**EXERCISE:**
Starting at the line with "Dolce & Gabbana" and going on through the line with "120% Lino Casual", reproduce each line in the records below exactly and nothing more.

**ENTRIES SUPPLIED:**
***
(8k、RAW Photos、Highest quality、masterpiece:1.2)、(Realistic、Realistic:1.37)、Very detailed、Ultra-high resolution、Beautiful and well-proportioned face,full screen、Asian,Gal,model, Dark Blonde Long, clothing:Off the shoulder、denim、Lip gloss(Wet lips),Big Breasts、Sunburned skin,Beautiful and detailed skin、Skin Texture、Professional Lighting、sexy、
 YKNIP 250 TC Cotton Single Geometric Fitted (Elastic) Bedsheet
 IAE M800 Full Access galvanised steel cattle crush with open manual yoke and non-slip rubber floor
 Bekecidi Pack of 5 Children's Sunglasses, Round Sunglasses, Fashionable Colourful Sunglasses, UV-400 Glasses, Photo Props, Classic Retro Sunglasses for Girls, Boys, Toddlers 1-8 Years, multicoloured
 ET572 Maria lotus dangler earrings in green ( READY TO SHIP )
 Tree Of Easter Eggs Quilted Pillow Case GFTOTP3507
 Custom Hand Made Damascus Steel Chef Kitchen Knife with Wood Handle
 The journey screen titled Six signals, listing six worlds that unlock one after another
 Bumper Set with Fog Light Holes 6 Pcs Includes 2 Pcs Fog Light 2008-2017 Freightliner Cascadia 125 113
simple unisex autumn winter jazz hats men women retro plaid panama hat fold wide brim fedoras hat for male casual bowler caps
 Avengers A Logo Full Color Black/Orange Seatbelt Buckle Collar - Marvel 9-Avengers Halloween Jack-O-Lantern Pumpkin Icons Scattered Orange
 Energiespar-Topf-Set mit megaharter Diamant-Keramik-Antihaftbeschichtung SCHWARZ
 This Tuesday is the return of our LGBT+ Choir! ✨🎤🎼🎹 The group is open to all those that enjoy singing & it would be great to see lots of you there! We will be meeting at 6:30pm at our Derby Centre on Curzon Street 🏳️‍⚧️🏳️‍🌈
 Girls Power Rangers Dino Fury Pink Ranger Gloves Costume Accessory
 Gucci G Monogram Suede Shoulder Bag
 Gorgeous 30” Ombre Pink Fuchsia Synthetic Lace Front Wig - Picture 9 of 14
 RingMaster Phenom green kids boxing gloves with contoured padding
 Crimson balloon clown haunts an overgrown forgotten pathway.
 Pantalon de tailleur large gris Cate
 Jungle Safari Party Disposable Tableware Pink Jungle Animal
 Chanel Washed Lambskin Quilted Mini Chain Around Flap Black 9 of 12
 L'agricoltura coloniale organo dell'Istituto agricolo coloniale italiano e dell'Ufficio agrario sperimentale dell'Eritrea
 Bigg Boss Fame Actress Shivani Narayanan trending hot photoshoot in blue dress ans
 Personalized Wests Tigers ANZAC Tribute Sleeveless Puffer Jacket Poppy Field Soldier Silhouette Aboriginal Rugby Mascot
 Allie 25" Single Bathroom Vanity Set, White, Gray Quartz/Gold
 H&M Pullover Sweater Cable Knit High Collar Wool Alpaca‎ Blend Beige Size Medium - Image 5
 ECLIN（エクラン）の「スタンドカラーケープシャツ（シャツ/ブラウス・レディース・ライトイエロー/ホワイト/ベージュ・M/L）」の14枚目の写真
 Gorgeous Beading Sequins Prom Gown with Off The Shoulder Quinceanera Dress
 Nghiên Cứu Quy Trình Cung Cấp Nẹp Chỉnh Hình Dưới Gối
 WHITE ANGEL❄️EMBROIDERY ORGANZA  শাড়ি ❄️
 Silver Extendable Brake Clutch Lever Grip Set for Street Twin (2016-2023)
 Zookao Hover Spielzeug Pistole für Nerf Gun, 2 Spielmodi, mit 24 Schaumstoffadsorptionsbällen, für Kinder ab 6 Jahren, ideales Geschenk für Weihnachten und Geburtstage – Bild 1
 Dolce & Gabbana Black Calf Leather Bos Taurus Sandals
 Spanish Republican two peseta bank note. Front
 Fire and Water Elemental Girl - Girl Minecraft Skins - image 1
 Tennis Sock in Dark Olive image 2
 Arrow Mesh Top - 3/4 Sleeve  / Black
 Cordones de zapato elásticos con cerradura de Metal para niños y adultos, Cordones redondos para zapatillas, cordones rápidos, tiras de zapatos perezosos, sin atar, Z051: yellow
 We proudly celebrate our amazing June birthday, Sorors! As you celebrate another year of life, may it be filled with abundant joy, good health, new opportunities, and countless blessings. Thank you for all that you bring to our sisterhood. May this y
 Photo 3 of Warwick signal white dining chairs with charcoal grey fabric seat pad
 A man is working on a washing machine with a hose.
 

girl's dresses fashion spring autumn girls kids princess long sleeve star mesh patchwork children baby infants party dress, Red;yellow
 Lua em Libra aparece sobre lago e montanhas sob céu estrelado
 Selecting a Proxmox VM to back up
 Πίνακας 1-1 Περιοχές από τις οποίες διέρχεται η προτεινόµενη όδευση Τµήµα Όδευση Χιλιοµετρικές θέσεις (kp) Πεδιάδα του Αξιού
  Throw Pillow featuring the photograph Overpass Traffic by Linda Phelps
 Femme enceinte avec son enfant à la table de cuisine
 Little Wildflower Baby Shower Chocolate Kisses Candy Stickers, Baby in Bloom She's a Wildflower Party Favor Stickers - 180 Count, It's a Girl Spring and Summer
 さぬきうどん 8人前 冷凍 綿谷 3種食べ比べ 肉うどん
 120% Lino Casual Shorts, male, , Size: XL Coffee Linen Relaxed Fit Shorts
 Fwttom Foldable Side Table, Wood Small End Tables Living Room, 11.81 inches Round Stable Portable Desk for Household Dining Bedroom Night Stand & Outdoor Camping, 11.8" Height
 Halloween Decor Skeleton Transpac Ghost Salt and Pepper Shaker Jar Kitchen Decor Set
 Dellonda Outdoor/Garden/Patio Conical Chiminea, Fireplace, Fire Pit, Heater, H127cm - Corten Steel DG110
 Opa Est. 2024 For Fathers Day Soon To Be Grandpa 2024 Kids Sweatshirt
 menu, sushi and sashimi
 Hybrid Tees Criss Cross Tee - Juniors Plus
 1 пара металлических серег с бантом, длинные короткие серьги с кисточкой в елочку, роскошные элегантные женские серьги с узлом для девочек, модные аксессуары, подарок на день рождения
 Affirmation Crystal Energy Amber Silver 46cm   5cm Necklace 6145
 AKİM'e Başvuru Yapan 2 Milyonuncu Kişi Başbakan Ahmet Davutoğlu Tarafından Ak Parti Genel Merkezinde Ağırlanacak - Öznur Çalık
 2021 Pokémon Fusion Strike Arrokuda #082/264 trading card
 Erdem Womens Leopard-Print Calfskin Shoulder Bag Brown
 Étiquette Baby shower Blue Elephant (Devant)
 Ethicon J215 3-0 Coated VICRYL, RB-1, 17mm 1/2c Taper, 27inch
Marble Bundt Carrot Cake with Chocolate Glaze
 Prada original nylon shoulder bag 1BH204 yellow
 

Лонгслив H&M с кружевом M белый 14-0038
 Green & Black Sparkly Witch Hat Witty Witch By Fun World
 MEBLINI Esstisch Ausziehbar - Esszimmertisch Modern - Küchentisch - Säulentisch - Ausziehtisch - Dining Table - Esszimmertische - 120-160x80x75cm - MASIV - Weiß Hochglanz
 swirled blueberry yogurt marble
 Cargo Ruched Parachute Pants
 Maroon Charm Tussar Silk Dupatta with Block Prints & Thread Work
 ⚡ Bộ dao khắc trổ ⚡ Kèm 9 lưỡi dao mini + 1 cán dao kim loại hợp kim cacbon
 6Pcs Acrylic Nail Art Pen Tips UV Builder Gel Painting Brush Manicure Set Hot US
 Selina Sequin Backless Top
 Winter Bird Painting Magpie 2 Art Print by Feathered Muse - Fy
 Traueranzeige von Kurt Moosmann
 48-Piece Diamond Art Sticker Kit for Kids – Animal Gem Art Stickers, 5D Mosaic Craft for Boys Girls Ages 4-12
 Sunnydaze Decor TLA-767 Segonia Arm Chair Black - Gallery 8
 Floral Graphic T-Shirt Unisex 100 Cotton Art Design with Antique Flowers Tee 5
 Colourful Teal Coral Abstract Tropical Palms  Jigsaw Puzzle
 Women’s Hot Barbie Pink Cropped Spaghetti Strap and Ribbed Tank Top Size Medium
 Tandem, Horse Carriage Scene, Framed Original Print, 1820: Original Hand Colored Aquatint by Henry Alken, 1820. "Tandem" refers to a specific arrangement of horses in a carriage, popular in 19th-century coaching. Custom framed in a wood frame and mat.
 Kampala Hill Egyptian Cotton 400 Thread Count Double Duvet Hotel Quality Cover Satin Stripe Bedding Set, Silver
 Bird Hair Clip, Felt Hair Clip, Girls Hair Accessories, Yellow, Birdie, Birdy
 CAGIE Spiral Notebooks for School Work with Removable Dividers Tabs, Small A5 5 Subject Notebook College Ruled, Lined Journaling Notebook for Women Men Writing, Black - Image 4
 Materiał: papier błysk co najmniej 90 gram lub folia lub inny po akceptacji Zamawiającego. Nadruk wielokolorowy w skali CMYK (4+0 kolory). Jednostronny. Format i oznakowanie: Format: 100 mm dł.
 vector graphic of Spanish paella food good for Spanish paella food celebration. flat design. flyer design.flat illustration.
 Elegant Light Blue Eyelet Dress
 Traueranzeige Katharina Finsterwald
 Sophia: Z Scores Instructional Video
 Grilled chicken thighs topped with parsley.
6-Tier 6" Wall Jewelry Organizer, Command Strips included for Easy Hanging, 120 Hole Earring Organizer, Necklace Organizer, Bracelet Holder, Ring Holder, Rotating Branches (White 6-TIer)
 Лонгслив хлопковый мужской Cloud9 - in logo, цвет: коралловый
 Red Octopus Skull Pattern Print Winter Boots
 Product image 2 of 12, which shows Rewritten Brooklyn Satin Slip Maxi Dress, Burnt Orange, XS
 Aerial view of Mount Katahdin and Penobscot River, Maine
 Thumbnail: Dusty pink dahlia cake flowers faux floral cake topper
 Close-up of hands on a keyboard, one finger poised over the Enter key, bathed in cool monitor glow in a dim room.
***
**ANSWER TO THE EXERCISE:**
 Dolce & Gabbana Black Calf Leather Bos Taurus Sandals
 Spanish Republican two peseta bank note. Front
 Fire and Water Elemental Girl - Girl Minecraft Skins - image 1
 Tennis Sock in Dark Olive image 2
 Arrow Mesh Top - 3/4 Sleeve  / Black
 Cordones de zapato elásticos con cerradura de Metal para niños y adultos, Cordones redondos para zapatillas, cordones rápidos, tiras de zapatos perezosos, sin atar, Z051: yellow
 We proudly celebrate our amazing June birthday, Sorors! As you celebrate another year of life, may it be filled with abundant joy, good health, new opportunities, and countless blessings. Thank you for all that you bring to our sisterhood. May this y
 Photo 3 of Warwick signal white dining chairs with charcoal grey fabric seat pad
 A man is working on a washing machine with a hose.
 

girl's dresses fashion spring autumn girls kids princess long sleeve star mesh patchwork children baby infants party dress, Red;yellow
 Lua em Libra aparece sobre lago e montanhas sob céu estrelado
 Selecting a Proxmox VM to back up
 Πίνακας 1-1 Περιοχές από τις οποίες διέρχεται η προτεινόµενη όδευση Τµήµα Όδευση Χιλιοµετρικές θέσεις (kp) Πεδιάδα του Αξιού
  Throw Pillow featuring the photograph Overpass Traffic by Linda Phelps
 Femme enceinte avec son enfant à la table de cuisine
 Little Wildflower Baby Shower Chocolate Kisses Candy Stickers, Baby in Bloom She's a Wildflower Party Favor Stickers - 180 Count, It's a Girl Spring and Summer
 さぬきうどん 8人前 冷凍 綿谷 3種食べ比べ 肉うどん
 120% Lino Casual Shorts, male, , Size: XL Coffee Linen Relaxed Fit Shorts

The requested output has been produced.